U.S. Not Interested in Exchanging Savchenko for Russian Arms Dealer Bout

Mar. 29 2016 — 19:18
Ukrainian pilot Nadezhda Savchenko smiles in a glass cage inside court, in the town of Donetsk, Russia.

President Vladimir Putin might like to trade convicted Ukrainian pilot Nadezhda Savchenko for Russian nationals imprisoned in the United States, but such an exchange is not being considered by the White House.

The fact that the Kremlin is negotiating the exchange of Savchenko for two Russian nationals currently held in U.S. prisons was voiced by Interfax's source Tuesday. The report was immediately denied by U.S. officials in Moscow and Kiev.

Spokesman for the U.S. Embassy in Moscow Will Stevens told the RBC news website on Tuesday that Washington was not even considering the exchange of Savchenko for Russian nationals imprisoned in the United States.

U.S. Ambassador to Ukraine Jeffrey Payette called the offer “ridiculous,” the RIA Novosti news agency reported.

The United States insists that Savchenko has been convicted illegally and should be released without any conditions — according to Minsk agreements.

The Kremlin's maneuver to trade Savchenko was serious, foreign policy expert Vladimir Frolov told The Moscow Times on Tuesday. Russian Foreign Minister Sergei Lavrov brought up the Kremlin's interest in releasing Russian nationals from the United States during U.S. Secretary of State John Kerry’s visit to Moscow last week.

“Kerry said Yaroshenko was convicted of involvement in drug trafficking. Neither Yaroshenko, nor Bout was engaged in such business, therefore, we are convinced that the sentences were absolutely disproportionate,” Lavrov said at a press conference last Thursday, following talks between Russia and the United States.

Presidential spokesman Dmitry Peskov confirmed that the imprisonment of Bout and Yaroshenko was discussed during the Putin-Kerry meeting. Peskov added that the Kremlin considers their detention illegal, but denied that Russia was lobbying for an exchange.

Kerry, who traveled to Moscow primarily to discuss the situation in Ukraine and Syria, expressed hope that Savchenko — who was recently sentenced to 22 years by a Russian court — could soon be returned to Ukraine.

The Kremlin was acting in accordance with the Soviet custom of trading dissidents for spies and alike, Frolov said. This move has also demonstrated that Moscow believes that all issues regarding Ukraine must be discussed between Russia and the United States.

“Savchenko, in this case, is the pawn of a non-existent country while the real dialogue takes place between Russia and the United States,” Vladimir Frolov told The Moscow Times.

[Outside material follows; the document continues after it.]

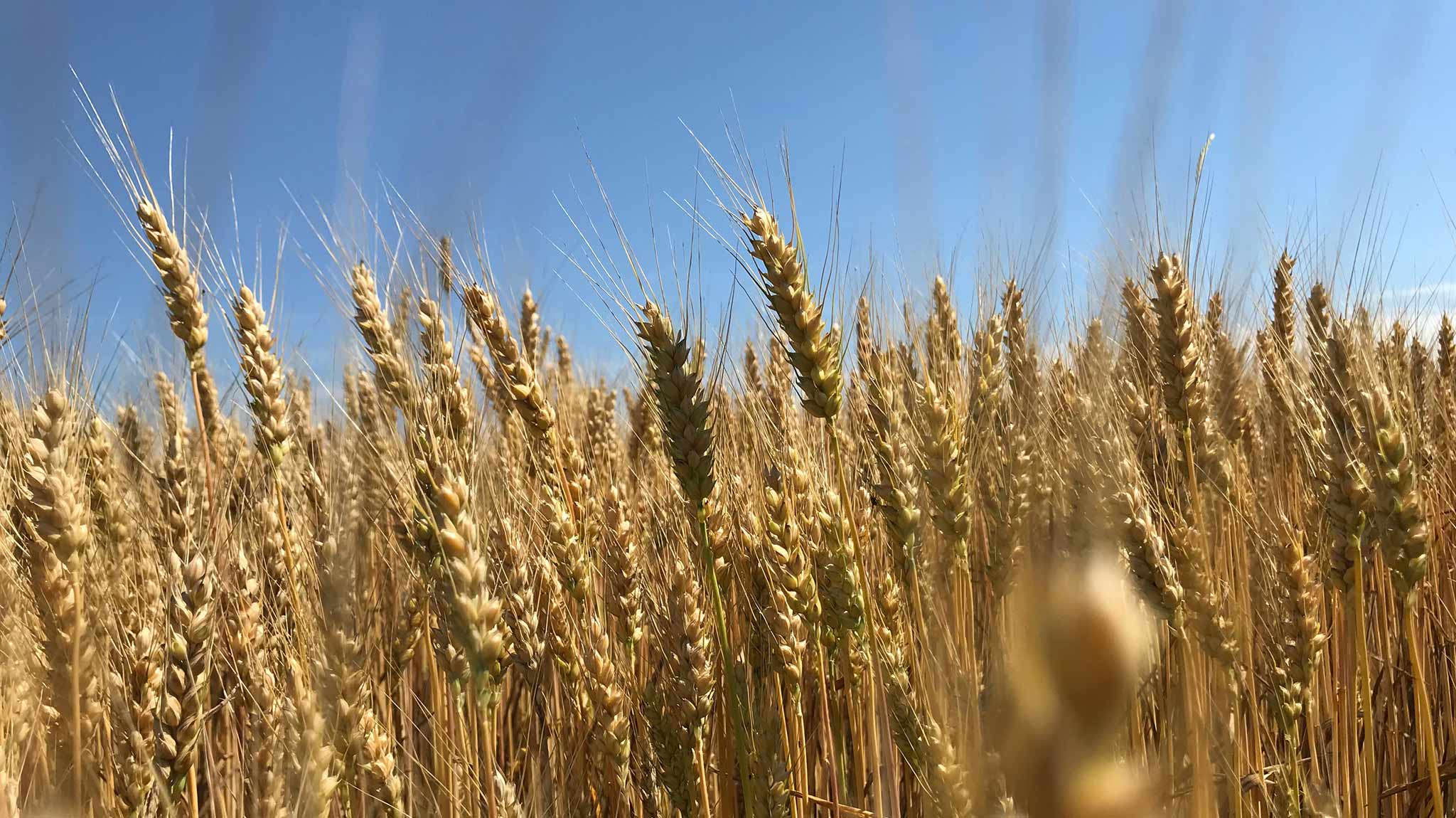 Bearish August for Grain Futures: Corn Down, Soybeans Up, and Wheat Takes a Hit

“Russia sees Ukraine as a proxy state ruled by puppet masters from Washington — the logic is to negotiate with them and not their puppets,” said Yekaterina Schulmann, a political scientist and associate professor at the Russian Presidential Academy of National Economy and Public Administration.

The signs pointing to Moscow's readiness to exchange Savchenko for Bout and Yaroshenko were given long before Savchenko's conviction.

In March 2015, the Russian ambassador to the UN, Vitaly Churkin, said at a meeting of the UN Security Council that the United States had a “habit” of “stealing Russian citizens throughout the world and charging them with manufactured charges as a result of provocation by the U.S. intelligence agencies.”

It was not difficult to guess which Russian nationals he meant, journalist Sergei Parkhomenko said.

The arms dealer Viktor Bout was arrested in 2008 in Bangkok and then extradited to New York, where in 2011 he was sentenced to 25 years in prison for the selling of arms to terrorist organizations. Russian pilot Yaroshenko was sentenced by a U.S. court to 20 years in prison for drug trafficking.

After Savchenko's conviction, Ukrainian President Petro Poroshenko suggested that Putin trade the Ukrainian pilot for former servicemen in the Russian military Alexander Alexandrov and Yevgeny Yerofeyev, — captured and currently held in Ukraine. However, the Kremlin has shown little interest in such a deal.

Bout and Yaroshenko appear to be more valuable to the Kremlin.

Parkhomenko says that Bout may have information that the Kremlin does not want revealed. “No doubt, Bout could not sell weapons on such a scale on his own — he had accomplices. And if he becomes desperate about imprisonment in the United States, he can start talking,” he added.

Frolov says the reason behind Moscow's move is not Bout himself — it is a matter of principle. The Kremlin wants to show that the United States has no right to extradite Russian citizens and put them on trial, he said, — this is Moscow's way of getting even.

Meanwhile, Savchenko's lawyer Ilya Novikov noted that the exchange of the Ukrainian pilot for Yaroshenko and Bout would be the fastest way for her to be released.

However, when Moscow realizes that it cannot use Savchenko to extract anything from the United States, it will have to find another way to trade Savchenko — in exchange for Russian citizens convicted in Ukraine, Novikov said.